RXXX Series Roadmap from AnandTech

Arty · Aug 20, 2005

geo said:
So what's everyones performance expectations for R520XL? I'm guessing that in general (non-HDR) it will fall between stock GT and stock GTX at a GT-like price. That they are going for doing to NV with it what NV did to them with 6800GT last time.

That would be very nice if they do it, I loved the 6800GT and then the X800XL.

overclocked · Aug 20, 2005

In my opinion why are people expecting a spring launch for R600 or G80(NV50?)???

Its to early IMO and i think this chips are going LATE 06 or early 07.

Skrying · Aug 20, 2005

overclocked said:
In my opinion why are people expecting a spring launch for R600 or G80(NV50?)???

Its to early IMO and i think this chips are going LATE 06 or early 07.

I'd expect them before the lanch of Vista.

Blastman · Aug 20, 2005

Do any of the Hardware sites have samples of the R520 for review yet?

KimB · Aug 20, 2005

Skrying said:
I'd expect them before the lanch of Vista.

IHV's have in the past shown interest in synchronizing their own launches with Microsoft's.

Dave Baumann · Aug 20, 2005

Jawed said:
The other thing I've realised is that 48 pipes for R580, arranged in three arrays of 16 pipes each, wouldn't be such a huge device.

I would put say that the pipelines will still be arranged in 4 MIMD, regionalised "quads".

tEd · Aug 20, 2005

Dave Baumann said:
I would put say that the pipelines will still be arranged in 4 MIMD, regionalised "quads".

MIMD would mean a quad could work with different shaders per pixel?

Ailuros · Aug 20, 2005

tEd said:
MIMD would mean a quad could work with different shaders per pixel?

Self explanatory: multiple instruction multiple data.

I'm not entirely sure, but weren't the current quads of Radeons also rated as MIMD?

Dave Baumann · Aug 20, 2005

Obviously a single quad on a current Radeon is SIMD, but across the quads they are MIMD (otherwise the tile rendering wouldn't work).

Ailuros · Aug 20, 2005

Dave Baumann said:
Obviously a single quad on a current Radeon is SIMD, but across the quads they are MIMD (otherwise the tile rendering wouldn't work).

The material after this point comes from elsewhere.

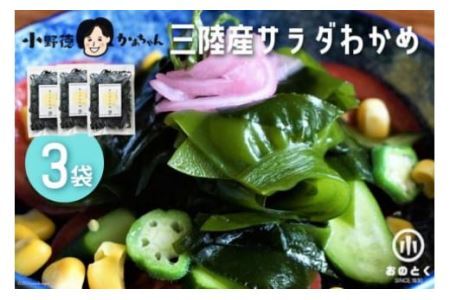 【2つの食感】 三陸産 サラダわかめ 170g ×3袋 [小野徳 宮城県 気仙沼市 20565558] 海藻 ワカメ わかめ 若布 塩蔵わかめ 塩蔵 コリコリ シャキシャキ 冷蔵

Hmmm.....I'm still describing Xenos as a 3* 16-way SIMD.

nAo · Aug 20, 2005

If their tile size on R520 is the same as on R3xx/R4xx and if a batch can't be bigger than a tile per quad we could expect better dynamic branching performance than NV40.

Jawed · Aug 20, 2005

nAo, I'm not convinced a 256-fragment batch is small enough to make dynamic flow control much more usable than it is in NVidia hardware. Admittedly, the batch size for NV40 seems to be vast, 4096. The batch size for G70 seems like it's 1024 - but the results for the two cards in the PS3.0 branching test:

http://graphics.stanford.edu/projects/gpubench/results/

don't seem to be that different from each other. Those tests aren't documented very well - I think there was some detailed discussion of them on B3D but...

Jawed

Jawed · Aug 20, 2005

Ailuros said:
Hmmm.....I'm still describing Xenos as a 3* 16-way SIMD.

I think that's correct.

At the next higher level, you can describe the shader arrays as a group that's configured as 3-way MIMD.

Jawed

Jawed · Aug 20, 2005

Dave Baumann said:
I would put say that the pipelines will still be arranged in 4 MIMD, regionalised "quads".

So, you're saying that there would 4 arrays, each of 12 pipes, rather than 3 arrays, each of 16 pipes?

Further, that each array of 12 pipes owns a "tile" in the render target, in a similar fashion to the tiles of R3xx...R4xx...?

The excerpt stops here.